Come Away: First Broadway Revival of South Pacific Begins Performances March 1

News   Come Away: First Broadway Revival of South Pacific Begins Performances March 1
 
Tony nominee Kelli O'Hara and Paulo Szot head the cast of the Lincoln Center Theater revival of the Richard Rodgers and Oscar Hammerstein II classic South Pacific, which begins performances on the Vivian Beaumont stage March 1.
Kelli O'Hara in rehearsal.
Kelli O'Hara in rehearsal. Photo by Joan Marcus

O'Hara, last seen on the Beaumont stage in The Light in the Piazza, stars as nurse Nellie Forbush alongside Szot as French plantation owner Emile de Becque. Tony-nominated Light in the Piazza director Bartlett Sher returns to stage the new production, which welcomes back another Piazza alum, Matthew Morrison as Lt. Cable. The Broadway revival officially opens April 3.

South Pacific also features Danny Burstein as Luther Billis, Loretta Ables Sayre as Bloody Mary as well as Sean Cullen (as Cmdr. William Harbison), Victor Hawks (Stewpot), Luka Kain (Jerome), Li Jun Li (Liat), Laurissa Romain (Ngana), Skipp Sudduth (Captain George Brackett) and Noah Weisberg (Professor).

The ensemble comprises Becca Ayers, Wendi Bergamini, Genson Blimline, Grady McLeod Bowman, Charlie Brady, Matt Caplan, Christian Carter, Helmar Augustus Cooper, Jeremy Davis, Margot de la Barre, Christian Delcroix, Laura Marie Duncan, Mike Evariste, Laura Griffith, Lisa Howard, Maryann Hu, Zachary James, Robert Lenzi, Garrett Long, Nick Mayo, George Merrick, William Michals, Kimber Monroe, Emily Morales, Darius Nichols, George Psomas, Andrew Samonsky and Jerold E. Solomon.

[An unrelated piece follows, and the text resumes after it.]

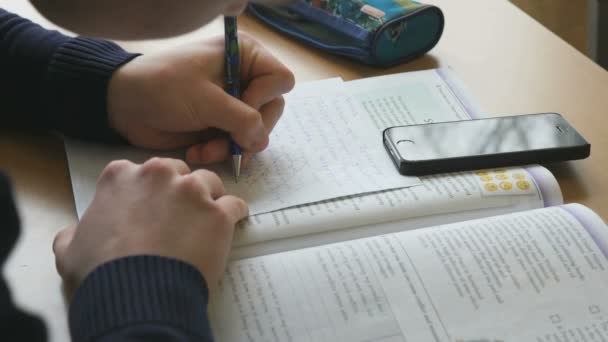 El alumno escribe el texto en una hoja blanca de papel — Vídeos de Stock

The new Lincoln Center staging includes the song "My Girl Back Home." A duet between Lt. Cable and Nellie Forbush, the song was cut from the original Broadway production but reinstated for the 1958 film adaptation. The current production, which marks South Pacific's first Broadway revival since its 1949 stage debut, utilizes that song's original orchestrations.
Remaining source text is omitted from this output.